◆ **Data under study**
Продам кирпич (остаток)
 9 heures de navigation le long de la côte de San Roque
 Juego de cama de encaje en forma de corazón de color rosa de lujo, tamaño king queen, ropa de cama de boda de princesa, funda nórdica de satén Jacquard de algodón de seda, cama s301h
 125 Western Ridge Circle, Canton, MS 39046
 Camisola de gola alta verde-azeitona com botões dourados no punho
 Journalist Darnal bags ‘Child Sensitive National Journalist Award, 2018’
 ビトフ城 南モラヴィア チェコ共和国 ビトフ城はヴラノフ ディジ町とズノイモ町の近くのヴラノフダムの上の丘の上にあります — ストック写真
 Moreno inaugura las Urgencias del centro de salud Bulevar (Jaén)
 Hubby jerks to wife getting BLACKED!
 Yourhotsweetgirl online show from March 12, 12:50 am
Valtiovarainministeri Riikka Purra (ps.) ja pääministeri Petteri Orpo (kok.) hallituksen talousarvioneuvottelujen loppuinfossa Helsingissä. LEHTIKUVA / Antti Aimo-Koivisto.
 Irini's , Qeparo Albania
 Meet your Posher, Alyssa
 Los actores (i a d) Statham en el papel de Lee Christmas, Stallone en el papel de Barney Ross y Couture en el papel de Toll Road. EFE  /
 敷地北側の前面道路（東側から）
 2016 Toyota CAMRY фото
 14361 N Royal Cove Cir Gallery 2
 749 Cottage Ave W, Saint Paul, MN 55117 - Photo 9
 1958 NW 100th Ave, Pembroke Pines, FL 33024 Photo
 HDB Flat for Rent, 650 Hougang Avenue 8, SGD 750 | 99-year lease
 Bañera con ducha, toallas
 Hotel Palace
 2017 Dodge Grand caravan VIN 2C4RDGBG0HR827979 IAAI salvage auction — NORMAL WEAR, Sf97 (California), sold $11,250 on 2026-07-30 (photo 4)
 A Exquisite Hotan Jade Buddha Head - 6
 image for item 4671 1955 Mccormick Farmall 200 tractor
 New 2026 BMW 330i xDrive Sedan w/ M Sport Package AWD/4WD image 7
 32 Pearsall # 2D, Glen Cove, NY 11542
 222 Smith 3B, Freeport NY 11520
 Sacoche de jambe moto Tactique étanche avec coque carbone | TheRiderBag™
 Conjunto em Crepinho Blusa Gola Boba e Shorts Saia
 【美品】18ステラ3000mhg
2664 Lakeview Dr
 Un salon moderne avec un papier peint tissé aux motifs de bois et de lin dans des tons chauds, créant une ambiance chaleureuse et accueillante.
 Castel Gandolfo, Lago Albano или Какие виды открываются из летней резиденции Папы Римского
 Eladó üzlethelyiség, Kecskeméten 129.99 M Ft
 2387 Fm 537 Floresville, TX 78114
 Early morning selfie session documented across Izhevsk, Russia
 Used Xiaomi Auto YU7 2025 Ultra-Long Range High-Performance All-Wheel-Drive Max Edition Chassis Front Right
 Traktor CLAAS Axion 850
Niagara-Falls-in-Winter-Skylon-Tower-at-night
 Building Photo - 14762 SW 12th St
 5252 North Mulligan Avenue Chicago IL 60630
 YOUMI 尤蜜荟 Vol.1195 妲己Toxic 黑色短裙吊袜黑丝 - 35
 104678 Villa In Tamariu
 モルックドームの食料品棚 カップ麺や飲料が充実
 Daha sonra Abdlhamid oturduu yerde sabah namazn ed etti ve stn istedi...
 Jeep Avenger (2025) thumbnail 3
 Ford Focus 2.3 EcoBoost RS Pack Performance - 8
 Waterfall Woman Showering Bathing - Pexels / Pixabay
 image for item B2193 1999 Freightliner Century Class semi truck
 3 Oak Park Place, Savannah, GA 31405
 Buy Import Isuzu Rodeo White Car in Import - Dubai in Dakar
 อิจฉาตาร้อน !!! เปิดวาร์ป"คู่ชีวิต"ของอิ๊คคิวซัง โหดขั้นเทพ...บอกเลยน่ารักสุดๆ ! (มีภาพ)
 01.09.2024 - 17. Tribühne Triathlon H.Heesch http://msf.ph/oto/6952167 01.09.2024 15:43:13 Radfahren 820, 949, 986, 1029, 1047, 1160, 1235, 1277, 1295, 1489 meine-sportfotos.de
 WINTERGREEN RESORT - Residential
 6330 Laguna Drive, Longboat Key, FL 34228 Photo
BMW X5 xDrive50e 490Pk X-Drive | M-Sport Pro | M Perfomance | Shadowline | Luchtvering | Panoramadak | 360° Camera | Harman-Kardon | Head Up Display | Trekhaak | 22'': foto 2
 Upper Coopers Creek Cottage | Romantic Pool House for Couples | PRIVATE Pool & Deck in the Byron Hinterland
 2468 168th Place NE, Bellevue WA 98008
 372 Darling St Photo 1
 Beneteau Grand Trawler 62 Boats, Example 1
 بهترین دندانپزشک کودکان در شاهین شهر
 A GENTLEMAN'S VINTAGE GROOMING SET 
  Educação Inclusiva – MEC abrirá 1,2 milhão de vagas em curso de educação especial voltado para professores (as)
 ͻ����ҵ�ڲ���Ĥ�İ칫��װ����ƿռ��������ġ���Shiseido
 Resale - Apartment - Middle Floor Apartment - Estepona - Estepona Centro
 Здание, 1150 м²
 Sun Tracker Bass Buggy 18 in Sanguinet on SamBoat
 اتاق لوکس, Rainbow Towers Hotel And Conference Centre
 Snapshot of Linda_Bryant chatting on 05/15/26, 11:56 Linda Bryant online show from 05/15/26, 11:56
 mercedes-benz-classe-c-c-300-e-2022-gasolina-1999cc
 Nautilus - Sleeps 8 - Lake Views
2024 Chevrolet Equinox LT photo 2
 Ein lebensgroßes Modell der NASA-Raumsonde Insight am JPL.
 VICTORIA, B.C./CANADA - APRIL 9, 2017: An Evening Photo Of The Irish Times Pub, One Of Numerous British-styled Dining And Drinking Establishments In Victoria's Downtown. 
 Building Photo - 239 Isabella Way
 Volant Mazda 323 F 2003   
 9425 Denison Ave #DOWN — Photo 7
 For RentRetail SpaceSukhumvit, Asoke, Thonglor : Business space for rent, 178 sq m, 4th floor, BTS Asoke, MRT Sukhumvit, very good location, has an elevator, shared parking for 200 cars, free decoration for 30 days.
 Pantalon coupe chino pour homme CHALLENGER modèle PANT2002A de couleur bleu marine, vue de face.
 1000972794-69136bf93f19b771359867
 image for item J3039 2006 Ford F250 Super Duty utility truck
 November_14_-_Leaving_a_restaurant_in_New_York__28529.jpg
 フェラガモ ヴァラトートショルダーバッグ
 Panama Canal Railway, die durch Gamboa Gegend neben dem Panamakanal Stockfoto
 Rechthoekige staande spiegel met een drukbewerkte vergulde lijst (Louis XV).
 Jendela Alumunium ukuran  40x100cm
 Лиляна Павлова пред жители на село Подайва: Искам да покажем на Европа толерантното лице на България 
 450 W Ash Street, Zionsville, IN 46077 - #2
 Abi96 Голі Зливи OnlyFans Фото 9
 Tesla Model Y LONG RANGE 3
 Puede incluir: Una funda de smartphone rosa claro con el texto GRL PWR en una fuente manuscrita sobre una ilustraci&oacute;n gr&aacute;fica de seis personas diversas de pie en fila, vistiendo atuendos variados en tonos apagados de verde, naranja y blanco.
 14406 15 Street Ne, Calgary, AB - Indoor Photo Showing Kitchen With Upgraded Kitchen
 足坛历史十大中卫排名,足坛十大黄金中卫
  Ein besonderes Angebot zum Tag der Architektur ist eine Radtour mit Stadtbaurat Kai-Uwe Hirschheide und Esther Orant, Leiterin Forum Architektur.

◆ **Exercise objective**
Each entry, from start to finish, must be restated exactly.

◆ **Reply to the task**
Продам кирпич (остаток)
 9 heures de navigation le long de la côte de San Roque
 Juego de cama de encaje en forma de corazón de color rosa de lujo, tamaño king queen, ropa de cama de boda de princesa, funda nórdica de satén Jacquard de algodón de seda, cama s301h
 125 Western Ridge Circle, Canton, MS 39046
 Camisola de gola alta verde-azeitona com botões dourados no punho
 Journalist Darnal bags ‘Child Sensitive National Journalist Award, 2018’
 ビトフ城 南モラヴィア チェコ共和国 ビトフ城はヴラノフ ディジ町とズノイモ町の近くのヴラノフダムの上の丘の上にあります — ストック写真
 Moreno inaugura las Urgencias del centro de salud Bulevar (Jaén)
 Hubby jerks to wife getting BLACKED!
 Yourhotsweetgirl online show from March 12, 12:50 am
Valtiovarainministeri Riikka Purra (ps.) ja pääministeri Petteri Orpo (kok.) hallituksen talousarvioneuvottelujen loppuinfossa Helsingissä. LEHTIKUVA / Antti Aimo-Koivisto.
 Irini's , Qeparo Albania
 Meet your Posher, Alyssa
 Los actores (i a d) Statham en el papel de Lee Christmas, Stallone en el papel de Barney Ross y Couture en el papel de Toll Road. EFE  /
 敷地北側の前面道路（東側から）
 2016 Toyota CAMRY фото
 14361 N Royal Cove Cir Gallery 2
 749 Cottage Ave W, Saint Paul, MN 55117 - Photo 9
 1958 NW 100th Ave, Pembroke Pines, FL 33024 Photo
 HDB Flat for Rent, 650 Hougang Avenue 8, SGD 750 | 99-year lease
 Bañera con ducha, toallas
 Hotel Palace
 2017 Dodge Grand caravan VIN 2C4RDGBG0HR827979 IAAI salvage auction — NORMAL WEAR, Sf97 (California), sold $11,250 on 2026-07-30 (photo 4)
 A Exquisite Hotan Jade Buddha Head - 6
 image for item 4671 1955 Mccormick Farmall 200 tractor
 New 2026 BMW 330i xDrive Sedan w/ M Sport Package AWD/4WD image 7
 32 Pearsall # 2D, Glen Cove, NY 11542
 222 Smith 3B, Freeport NY 11520
 Sacoche de jambe moto Tactique étanche avec coque carbone | TheRiderBag™
 Conjunto em Crepinho Blusa Gola Boba e Shorts Saia
 【美品】18ステラ3000mhg
2664 Lakeview Dr
 Un salon moderne avec un papier peint tissé aux motifs de bois et de lin dans des tons chauds, créant une ambiance chaleureuse et accueillante.
 Castel Gandolfo, Lago Albano или Какие виды открываются из летней резиденции Папы Римского
 Eladó üzlethelyiség, Kecskeméten 129.99 M Ft
 2387 Fm 537 Floresville, TX 78114
 Early morning selfie session documented across Izhevsk, Russia
 Used Xiaomi Auto YU7 2025 Ultra-Long Range High-Performance All-Wheel-Drive Max Edition Chassis Front Right
 Traktor CLAAS Axion 850
Niagara-Falls-in-Winter-Skylon-Tower-at-night
 Building Photo - 14762 SW 12th St
 5252 North Mulligan Avenue Chicago IL 60630
 YOUMI 尤蜜荟 Vol.1195 妲己Toxic 黑色短裙吊袜黑丝 - 35
 104678 Villa In Tamariu
 モルックドームの食料品棚 カップ麺や飲料が充実
 Daha sonra Abdlhamid oturduu yerde sabah namazn ed etti ve stn istedi...
 Jeep Avenger (2025) thumbnail 3
 Ford Focus 2.3 EcoBoost RS Pack Performance - 8
 Waterfall Woman Showering Bathing - Pexels / Pixabay
 image for item B2193 1999 Freightliner Century Class semi truck
 3 Oak Park Place, Savannah, GA 31405
 Buy Import Isuzu Rodeo White Car in Import - Dubai in Dakar
 อิจฉาตาร้อน !!! เปิดวาร์ป"คู่ชีวิต"ของอิ๊คคิวซัง โหดขั้นเทพ...บอกเลยน่ารักสุดๆ ! (มีภาพ)
 01.09.2024 - 17. Tribühne Triathlon H.Heesch http://msf.ph/oto/6952167 01.09.2024 15:43:13 Radfahren 820, 949, 986, 1029, 1047, 1160, 1235, 1277, 1295, 1489 meine-sportfotos.de
 WINTERGREEN RESORT - Residential
 6330 Laguna Drive, Longboat Key, FL 34228 Photo
BMW X5 xDrive50e 490Pk X-Drive | M-Sport Pro | M Perfomance | Shadowline | Luchtvering | Panoramadak | 360° Camera | Harman-Kardon | Head Up Display | Trekhaak | 22'': foto 2
 Upper Coopers Creek Cottage | Romantic Pool House for Couples | PRIVATE Pool & Deck in the Byron Hinterland
 2468 168th Place NE, Bellevue WA 98008
 372 Darling St Photo 1
 Beneteau Grand Trawler 62 Boats, Example 1
 بهترین دندانپزشک کودکان در شاهین شهر
 A GENTLEMAN'S VINTAGE GROOMING SET 
  Educação Inclusiva – MEC abrirá 1,2 milhão de vagas em curso de educação especial voltado para professores (as)
 ͻ����ҵ�ڲ���Ĥ�İ칫��װ����ƿռ��������ġ���Shiseido
 Resale - Apartment - Middle Floor Apartment - Estepona - Estepona Centro
 Здание, 1150 м²
 Sun Tracker Bass Buggy 18 in Sanguinet on SamBoat
 اتاق لوکس, Rainbow Towers Hotel And Conference Centre
 Snapshot of Linda_Bryant chatting on 05/15/26, 11:56 Linda Bryant online show from 05/15/26, 11:56
 mercedes-benz-classe-c-c-300-e-2022-gasolina-1999cc
 Nautilus - Sleeps 8 - Lake Views
2024 Chevrolet Equinox LT photo 2
 Ein lebensgroßes Modell der NASA-Raumsonde Insight am JPL.
 VICTORIA, B.C./CANADA - APRIL 9, 2017: An Evening Photo Of The Irish Times Pub, One Of Numerous British-styled Dining And Drinking Establishments In Victoria's Downtown. 
 Building Photo - 239 Isabella Way
 Volant Mazda 323 F 2003   
 9425 Denison Ave #DOWN — Photo 7
 For RentRetail SpaceSukhumvit, Asoke, Thonglor : Business space for rent, 178 sq m, 4th floor, BTS Asoke, MRT Sukhumvit, very good location, has an elevator, shared parking for 200 cars, free decoration for 30 days.
 Pantalon coupe chino pour homme CHALLENGER modèle PANT2002A de couleur bleu marine, vue de face.
 1000972794-69136bf93f19b771359867
 image for item J3039 2006 Ford F250 Super Duty utility truck
 November_14_-_Leaving_a_restaurant_in_New_York__28529.jpg
 フェラガモ ヴァラトートショルダーバッグ
 Panama Canal Railway, die durch Gamboa Gegend neben dem Panamakanal Stockfoto
 Rechthoekige staande spiegel met een drukbewerkte vergulde lijst (Louis XV).
 Jendela Alumunium ukuran  40x100cm
 Лиляна Павлова пред жители на село Подайва: Искам да покажем на Европа толерантното лице на България 
 450 W Ash Street, Zionsville, IN 46077 - #2
 Abi96 Голі Зливи OnlyFans Фото 9
 Tesla Model Y LONG RANGE 3
 Puede incluir: Una funda de smartphone rosa claro con el texto GRL PWR en una fuente manuscrita sobre una ilustraci&oacute;n gr&aacute;fica de seis personas diversas de pie en fila, vistiendo atuendos variados en tonos apagados de verde, naranja y blanco.
 14406 15 Street Ne, Calgary, AB - Indoor Photo Showing Kitchen With Upgraded Kitchen
 足坛历史十大中卫排名,足坛十大黄金中卫
  Ein besonderes Angebot zum Tag der Architektur ist eine Radtour mit Stadtbaurat Kai-Uwe Hirschheide und Esther Orant, Leiterin Forum Architektur.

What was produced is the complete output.